To prove the Chain Rule correctly you need to show that if f(u) is a differentiable function of u and u = g(x) is a differentiable function of x, then the composite y=f(g(x)) is a differentiable function of x. Since a function is differentiable if and only if it has a derivative at each point in its domain, it must be shown that whenever g is differentiable at xₒ and f is differentiable at g(xₒ) , then the composite is differentiable at xₒ and the derivative of the composite satisfies the equation:

dy/dx, = f'(g(xₒ))·g'(xₒ) (when x=xₒ,)

Good eye!(35 votes)

- Is it true that every type of derivative is actually also a chain rule on top of whatever other type it is? I've always had the sneaking suspicion that this is true and I haven't yet found a counterexample, but in math you need formal proofs. Let me provide an example of what I am talking about, when I take the derivative of f(x) = 3x^2 and get my result of d/dx(x) = 2*3x^(2-1) = 6x, isn't that still a chain rule, but I just didn't have to type out the second part of the chain rule because the derivative of the inside x is just 1, so that would have made the (complete) way to take the derivative using the chain rule and power rule d/dx(3x^2) = [2*3x^(2-1)] * (d/dx(x)) = 6x * 1 = 6x. I get the same result, but it shows that the chain rule still holds for different types of derivatives besides just standard chain rule problems. But does this discovery hold for every derivative?(14 votes)
- Yes, the chain rule applies to all derivatives (at least all of the derivatives of the type you deal with in an introductory course such as this). However, as you point out, we often get trivial results from the chain rule that we don't need to show explicitly.(11 votes)

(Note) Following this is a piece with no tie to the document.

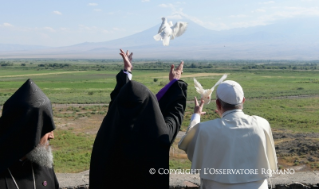 1-Viaggio Apostolico in Armenia: Preghiera al Monastero di Khor Virap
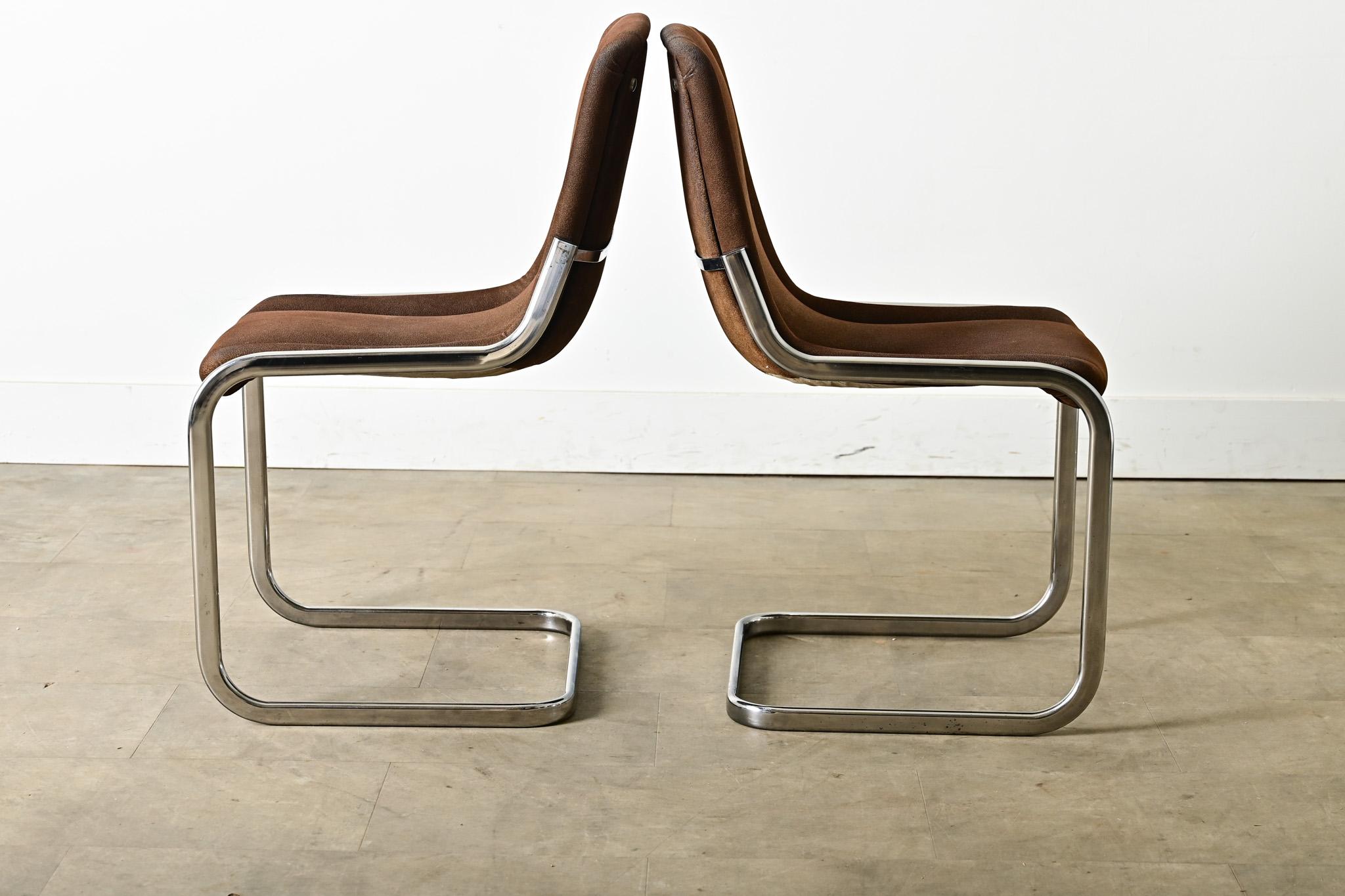 Sedie da pranzo a sbalzo francesi del Medioevo in cromo in vendita 3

- Should not the function y be differentiable at u(x) and not x?(11 votes)
- can't you cancel out du directly, like you would cancel out the 2 in 2/3*1/2= 1/3 for dy/du*du/dx= dy/dx?(2 votes)
- At0:57, Sal says d/dx [y(u(x))] = (dy/du) * (du/dx). Shouldn't this be (d [y(u(x))]/du) * (du/dx)? Because Sal is implying that d/dx [f(g(x))] = (d [f(x)]/d [g(x)]) * (d [g(x)])/dx.(3 votes)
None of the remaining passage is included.